Records from a collection
++++

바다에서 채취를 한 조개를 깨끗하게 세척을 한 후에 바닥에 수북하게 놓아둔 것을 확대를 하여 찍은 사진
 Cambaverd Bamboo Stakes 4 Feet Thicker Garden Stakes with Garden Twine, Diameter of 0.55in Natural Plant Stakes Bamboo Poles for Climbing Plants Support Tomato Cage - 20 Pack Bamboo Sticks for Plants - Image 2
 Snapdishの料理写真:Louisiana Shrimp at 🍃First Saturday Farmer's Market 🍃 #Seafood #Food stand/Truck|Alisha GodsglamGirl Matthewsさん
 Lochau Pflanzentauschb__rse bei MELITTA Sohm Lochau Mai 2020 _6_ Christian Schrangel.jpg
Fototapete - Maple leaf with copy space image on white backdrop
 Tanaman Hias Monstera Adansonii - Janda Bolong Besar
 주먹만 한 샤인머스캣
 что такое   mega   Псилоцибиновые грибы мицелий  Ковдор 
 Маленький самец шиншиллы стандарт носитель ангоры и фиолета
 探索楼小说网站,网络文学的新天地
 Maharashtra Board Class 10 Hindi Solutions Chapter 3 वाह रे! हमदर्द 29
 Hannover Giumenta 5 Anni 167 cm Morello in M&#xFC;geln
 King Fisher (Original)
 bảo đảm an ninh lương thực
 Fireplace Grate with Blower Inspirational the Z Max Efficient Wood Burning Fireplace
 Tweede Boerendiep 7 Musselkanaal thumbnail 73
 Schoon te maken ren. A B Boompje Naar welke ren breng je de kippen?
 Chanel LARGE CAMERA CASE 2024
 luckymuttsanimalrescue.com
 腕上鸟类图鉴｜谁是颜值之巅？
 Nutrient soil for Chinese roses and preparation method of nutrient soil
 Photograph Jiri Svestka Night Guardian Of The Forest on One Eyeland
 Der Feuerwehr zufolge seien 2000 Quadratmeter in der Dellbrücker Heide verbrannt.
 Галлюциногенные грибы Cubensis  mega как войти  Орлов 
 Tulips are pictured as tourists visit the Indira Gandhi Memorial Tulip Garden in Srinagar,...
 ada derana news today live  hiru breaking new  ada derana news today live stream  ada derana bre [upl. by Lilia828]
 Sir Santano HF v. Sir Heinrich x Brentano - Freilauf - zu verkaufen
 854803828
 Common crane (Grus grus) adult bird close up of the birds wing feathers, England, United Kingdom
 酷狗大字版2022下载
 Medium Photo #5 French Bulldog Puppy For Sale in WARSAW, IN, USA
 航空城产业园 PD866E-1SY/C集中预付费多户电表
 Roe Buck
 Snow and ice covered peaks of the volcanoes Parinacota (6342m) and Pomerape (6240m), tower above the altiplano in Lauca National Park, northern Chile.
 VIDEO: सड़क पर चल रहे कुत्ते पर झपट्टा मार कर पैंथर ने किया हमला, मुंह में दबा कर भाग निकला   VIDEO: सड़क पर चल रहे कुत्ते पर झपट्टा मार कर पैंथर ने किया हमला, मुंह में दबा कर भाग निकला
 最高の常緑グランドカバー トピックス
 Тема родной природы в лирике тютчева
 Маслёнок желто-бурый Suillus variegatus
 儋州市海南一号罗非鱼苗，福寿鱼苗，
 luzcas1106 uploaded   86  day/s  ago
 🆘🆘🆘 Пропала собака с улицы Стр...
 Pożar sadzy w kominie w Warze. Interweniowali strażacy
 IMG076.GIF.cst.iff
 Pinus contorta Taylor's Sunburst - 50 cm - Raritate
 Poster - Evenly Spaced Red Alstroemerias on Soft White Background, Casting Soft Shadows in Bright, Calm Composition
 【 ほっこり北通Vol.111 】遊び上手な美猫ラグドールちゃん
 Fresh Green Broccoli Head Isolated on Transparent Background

++++

[TASK STATEMENT] Examine the records and pull out every line where the string "грибы" occurs.

[RESPONSE TO THE EXERCISE]
 что такое   mega   Псилоцибиновые грибы мицелий  Ковдор 
 Галлюциногенные грибы Cubensis  mega как войти  Орлов 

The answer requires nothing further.